Beginning with the line where "Eevee — Unseen Forces" appears, restate each line word for word until the data ends. Pictures do not go in.

++++++++++

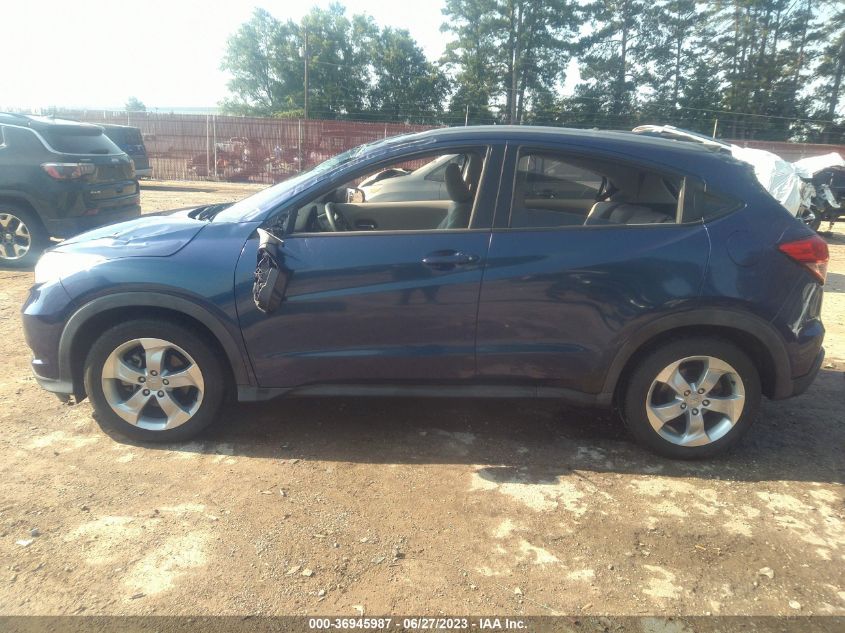 2016 HONDA HR-V EX-L W/NAVI - 3CZRU5H7XGM713838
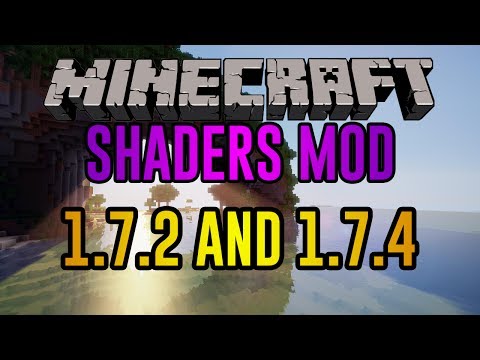 comment installer shader minecraft 1.7.2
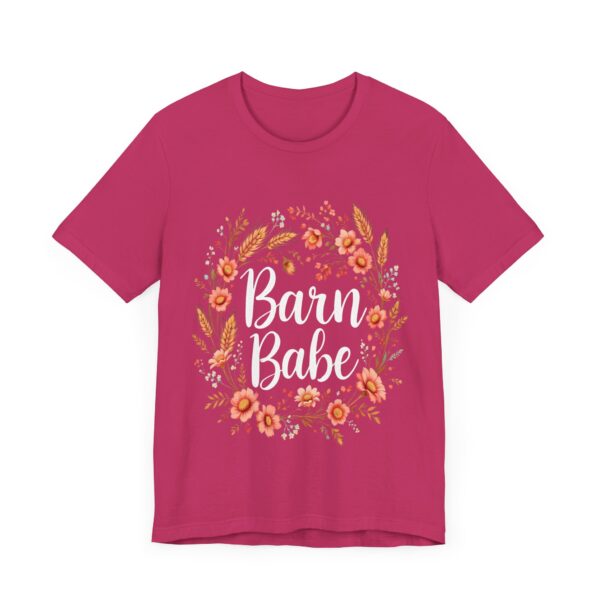 Barn Babe T-Shirt – Rustic Country Charm with a Playful Twist - Image 64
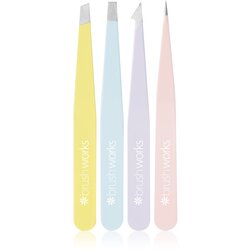 Brushworks Tweezer Set Mixed set pincet Cene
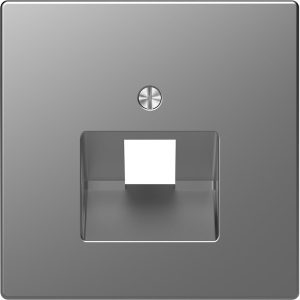 Лицев панел за RJ45 /за MEG4530-0000/ цвят Неръждаема стомана System Design Merten SE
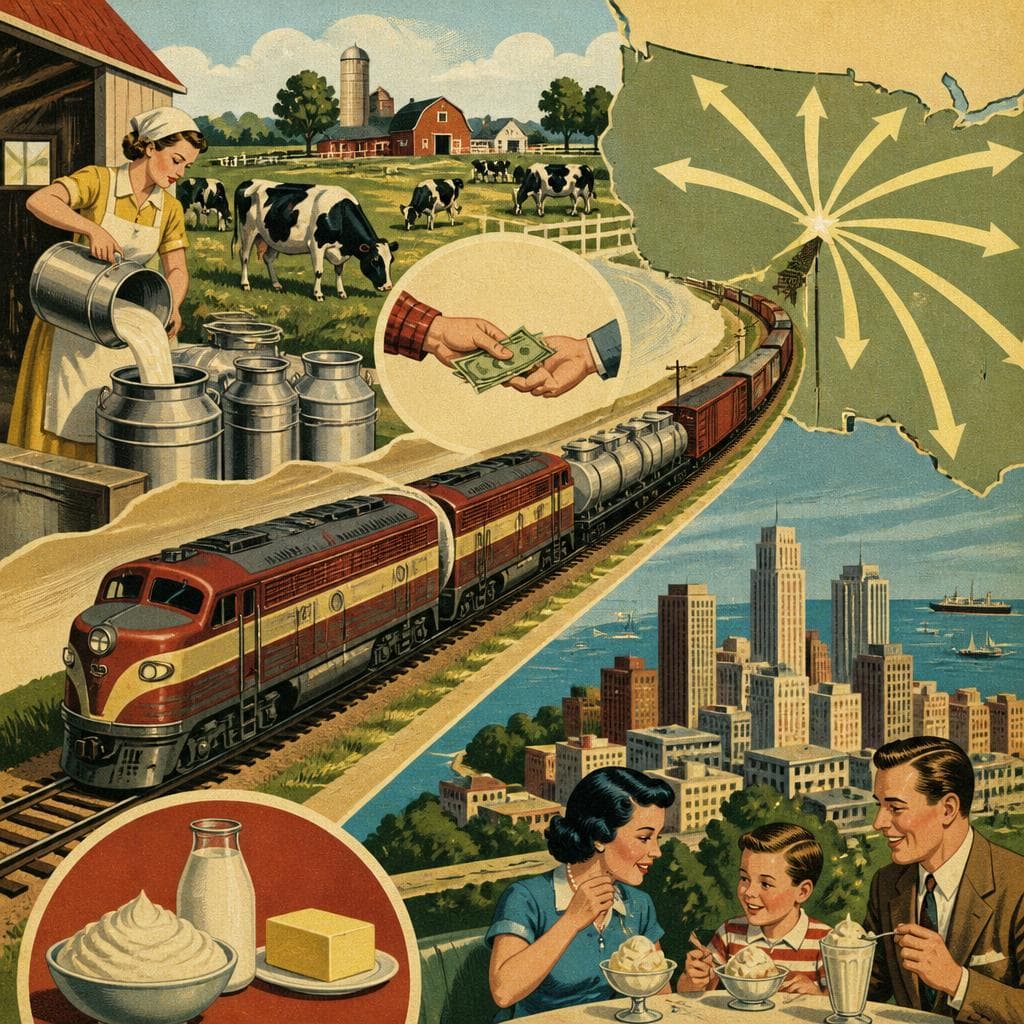 Cover art for How Cream and Rail Built a Bigger Market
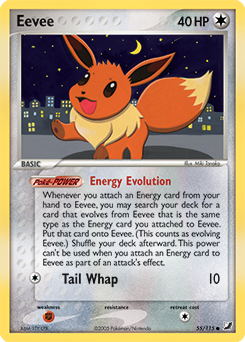 Eevee — Unseen Forces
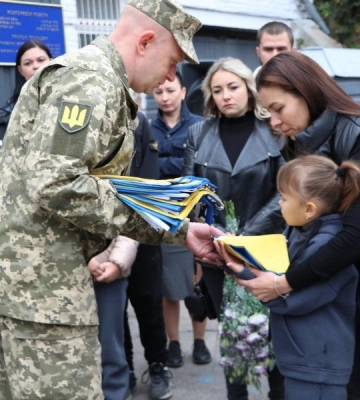 У Полтаві відкрили стіну пам’яті полеглим бійцям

++++++++++

RESPONSE AREA
 Eevee — Unseen Forces
 У Полтаві відкрили стіну пам’яті полеглим бійцям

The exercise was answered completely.